Amazon’s $40 Streaming Stick Is A Solid Bargain, But It’s No Roku

Amazon Fire Stick

The Amazon Fire Stick is officially available on Amazon for a dirt-cheap $US40.

As a diehard fan of my Roku ($US159), I was unsure of what to expect from the Amazon Fire Stick. I have also tried Chromecast and Apple TV in the past, but I have always been pretty partial to the Roku experience: the ability to stream Netflix, Hulu, HBO, Showtime, and yes, Amazon, from my television.

Plus, there’s the bonus of not needing to purchase anything from my cable provider. The Roku, while an investment, has kept me a pretty happy camper for the last two years.

So when I opened the Fire Stick, I wasn’t too hopeful that I would find something that was worth swapping my Roku for. But what I did find was a seemingly well-crafted streaming stick for those who do most of their video watching on Amazon Prime.
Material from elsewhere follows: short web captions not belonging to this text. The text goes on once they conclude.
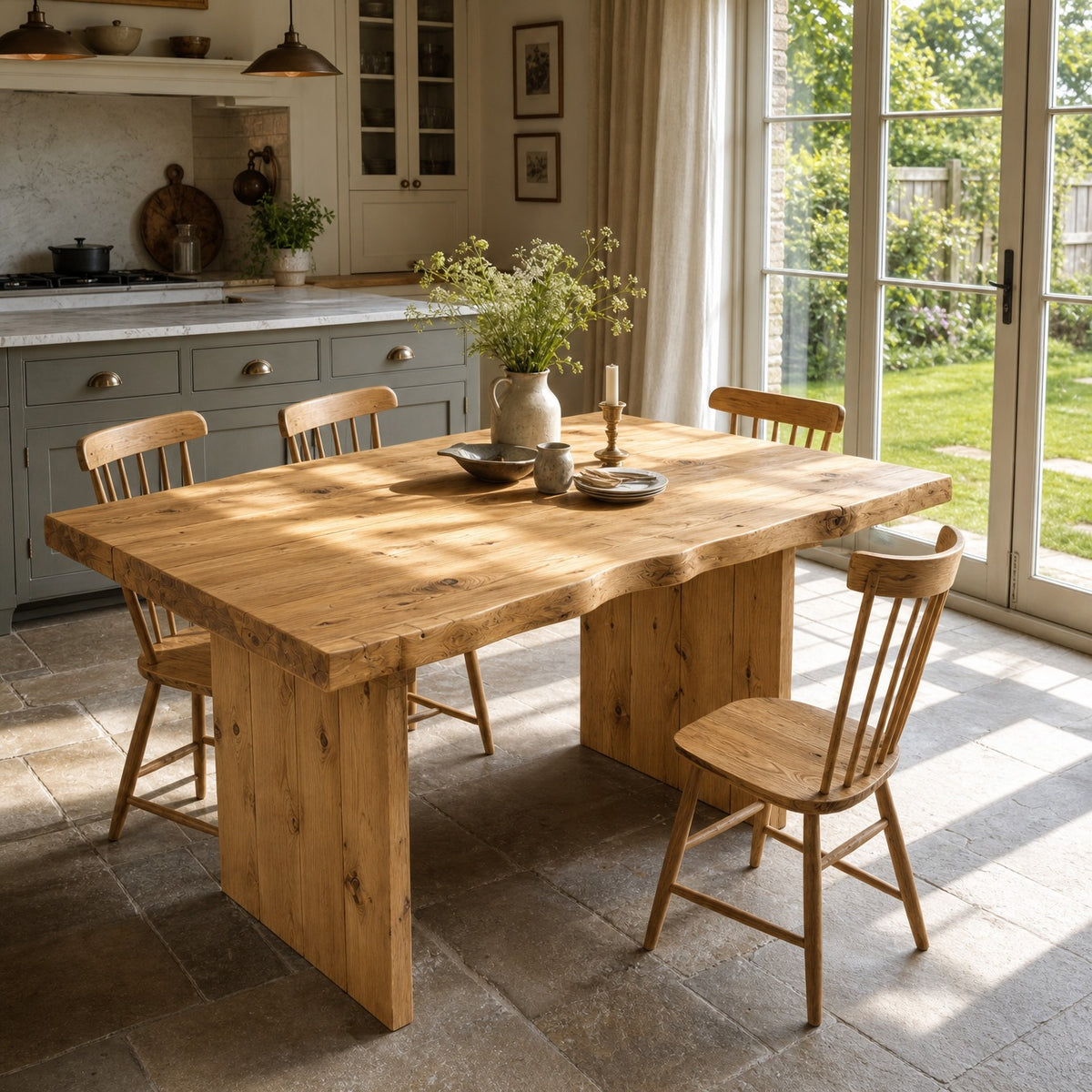 NORA Light Oak Colour Live / Waney Edge Dining Table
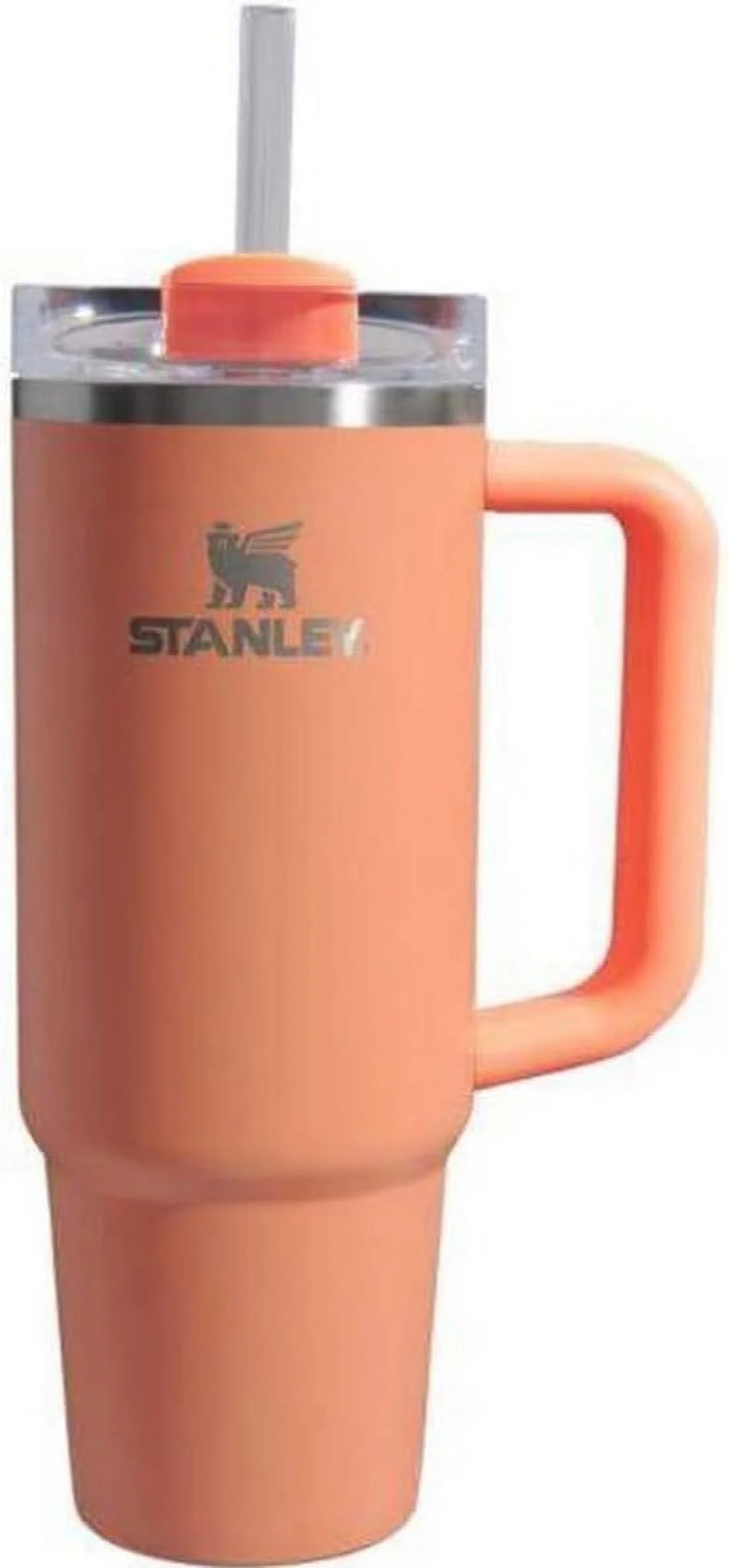 Stanley 30 oz Stainless Steel H2.0 Flowstate Quencher Tumbler (Fusion Coral)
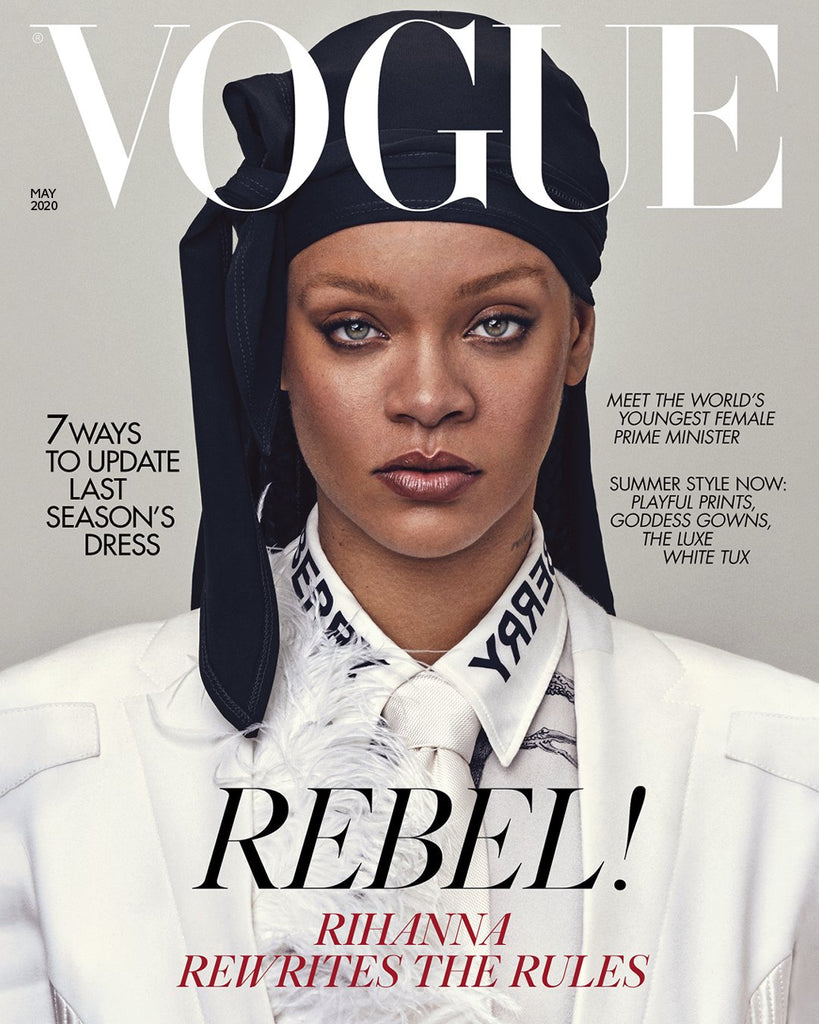 RIHANNA - VOGUE MAGAZINE UK MAY 2020 BRITISH EDITION NEW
The Fire TV Stick is the baby version of the Fire TV, which is more like the Roku; a full-fledged streaming device. The stick is more like Google’s $US35 Chromecast; it plugs into your TV’s HDMI port and it’s powered by microUSB. The Amazon Fire TV stick also boasts 4x the storage and 2x the memory of Chromecast, plus a dual-core processor and 1 GB of memory.

The device is very travel-friendly, and is perfect if you’re travelling out of town with kids and want a sure”fire” way to entertain young ones with their favourite movies and television shows, regardless of the cable setup wherever it is you’re going.

Although I definitely liked the Fire Stick, I didn’t find anything that that widely separates it from its streaming competitors that have already been on the market for a while now, besides the cheaper price tag, which is a pretty good reason.

The Good

Amazon content streams incredibly fast. Supported third-party apps include Netflix, YouTube, Hulu Plus, and you can even stream music through Spotify and Pandora. You can also play games. I didn’t feel like there were many things I couldn’t get on Amazon that I could from my Roku. It’s also very easy to set up, especially if you’re gifting a Fire Stick to the not-so-technologically inclined.

The Bad

The Fire Stick is a little laggy. I found myself clicking the same button several times before the software would react, but for only forty bucks, that didn’t feel like a game-changer.

The voice-activated search feature was also supposed to be crazy good next to Roku’s (scrolling a keyboard for individual keys to spell out the name of a movie or tv show can get tedious) but iPhone users are left out in the cold: Voice-activated search is only available on Android for now. I couldn’t even try it out. You can use buy Amazon’s voice remote for voice-activated search, but it costs an extra $US30, almost doubling the price of the streaming stick. There’s also no HBOGo, though Amazon has promised to deliver by the end of 2014.

I’m not rushing out to buy the streaming device anytime soon, but if my Roku broke tomorrow, I might consider going with the $US40 Fire Stick in an attempt to save money for a similar viewing experience.

Disclosure: Jeff Bezos is an investor in Business Insider through his personal investment company Bezos Expeditions.